With a million things to discover in Portugal, you’re in for a great retreat whether you stay close to Lisbon or strike out on your own. If your wanderlust never rests, here are some adventures you can add to your itinerary.
Driving time: 50m
A picturesque town nestled in the hills of Parque Natural de Sintra-Cascais, Sintra is one of the most popular day trips from Lisbon. Packed with historic monuments, tons of attractions, and striking architecture, this charming city offers plenty to do. Tour the brightly colored Pena Palace then stop by the Quinta da Regaleira for a fun dose of mysticism and gothic adventure. See castles, mansions, and panoramic views over the entire Sintra coastline, then head back to Lisbon for a nightcap.
Driving time: 1h
Cascais is one of the finest resort towns in the region and has something to please every traveler. With calm, friendly beaches in the east and untamed beaches to the north, you can choose from a number of experiences in this quaint fishing town. The 19th-century architecture, shopping, and museums in town offer a peaceful afternoon after a visit to the Boca do Inferno cliff formations or the beachfront promenade to Estoril.
Palácio Nacional de Queluz
Driving time: 45m
The National Palace and Gardens of Queluz beckon visitors from all over the world. Showcasing royal opulence from the 18th and 19th centuries, this palace was built at the request of Pedro III and used as a royal residence. A museum of decorative art has been opened to exhibit the royal family’s collections. The gardens surrounding the palace are filled with relaxing fountains, ornamental ponds, and beautiful sculptures.
Mosteiro Pálacio Nacional de Mafra
Driving time: 1h
Train and bus transfer: 1h 30m
The Monastery and National Palace of Mafra began as a Franciscan monastery, but evolved into a sumptuous palace.
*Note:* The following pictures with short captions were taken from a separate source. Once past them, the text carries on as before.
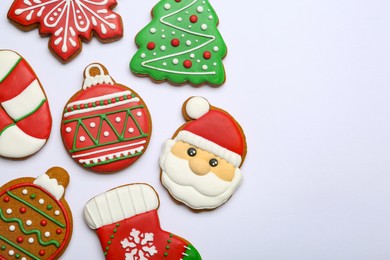 Different tasty Christmas cookies on white background, flat lay. Space for text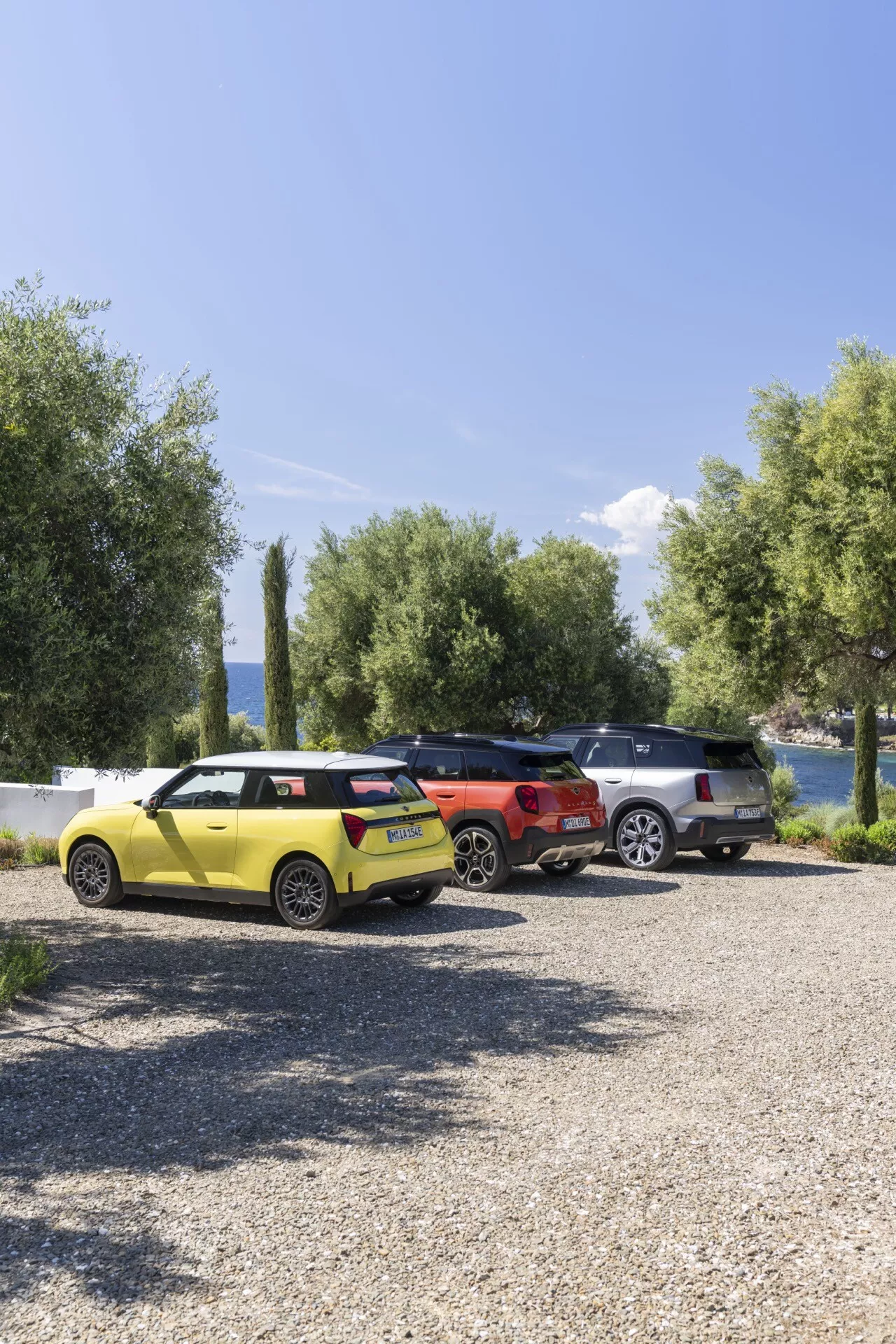 Mini Aceman (J05) 2024 en jaune vif, orange et gris, garée sur une surface de gravier avec un arrière-plan naturel composé d'arbres, d'eau et du ciel, montrant un design moderne avec des lignes nettes, des feux arrière LED et une gamme de taille de compacte à SUV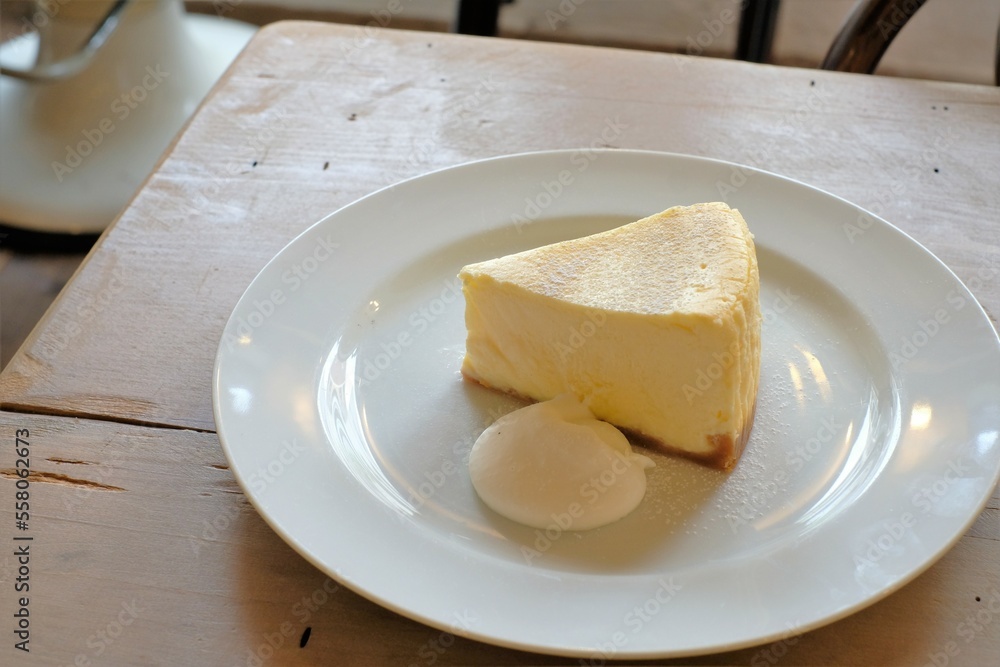 cheese cake with cream on white plate cheese cake with cream on white plate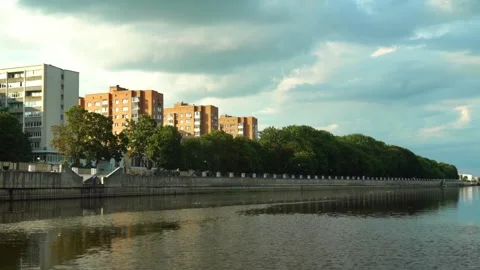 City buildings along the river with cloudy sky during late afternoon Stock Footage 340448049
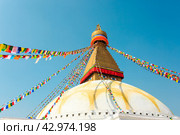 Prayer buddhist flags fluttering in the wind on the Boudhanath stupa in Kathmandu, Nepal (2018 год). Стоковое фото, фотограф VittoriaChe / Фотобанк Лори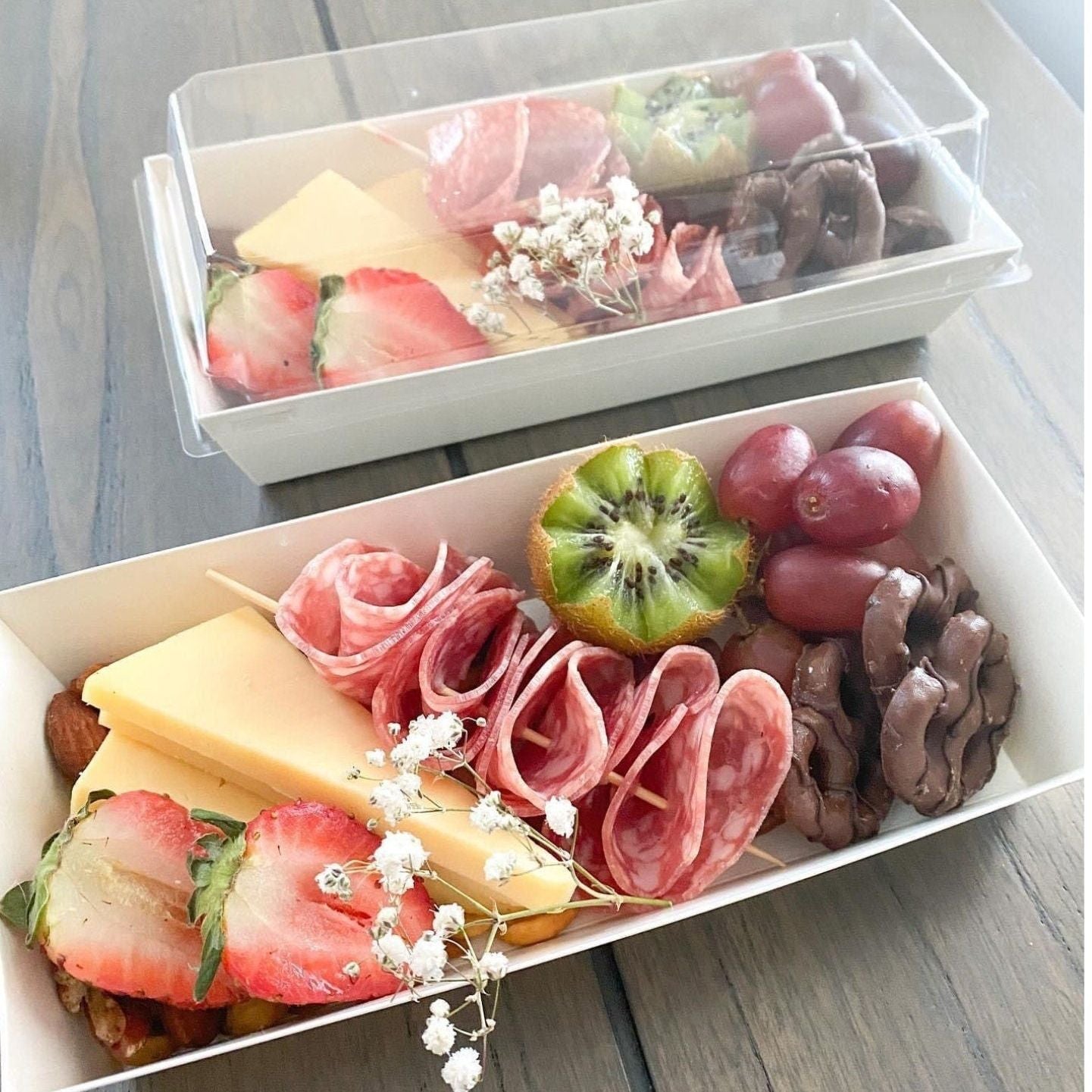 Individual charcuterie box with clear lid filled with cheese, meats, fruit, and strawberries.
A powerful statement of Baroque extravagance, the rooms have been recreated and refurbished to the grandeur they knew when King João VI resided there in the early 1800s. Some rooms and halls in the monastery and the basilica are also open to the public.
Reserva Natural do Estuário do Sado
Driving time: 1h 35m
Train and ferry: 1h 15m
The Sado Estuary National Reserve is a paradise for bird watchers and nature lovers. A sightseeing river cruise will bring you up close to the bottlenose dolphins that frolic in the shallow water and mouth of the estuary. Snap a photo of the Igreja de Jesus and Castelo de Sao Filipe towering over the city of Setúbal, or pack a picnic and make an excursion to the unspoiled Península de Tróia.
Driving time: 1h 45m
Train: 1h 25m
If your bucket list includes visiting a Roman temple, prehistoric megaliths, or seeing a city with over 20 centuries of history, you can check it all off in Évora. Beautifully preserved, this town will transport you back to the 14th century with its medieval architecture, winding streets, and manifold monuments. A UNESCO World Heritage site, this is a great city to see on foot!
Driving time: 3h 15m
Sprawled along the banks of the Douro, this charismatic city is a Portuguese gem. Speckled with magnificent bridges and vibrant colors around every corner, Porto showcases the best of Portugal. Have lunch in the sun and enjoy the afternoon in galleries, vintage shops, taking in the street art, or getting lost in Livraria Lello, one of the most visited bookshops in the world. Don’t forget to leave time to sample the city’s most famous export – port wine.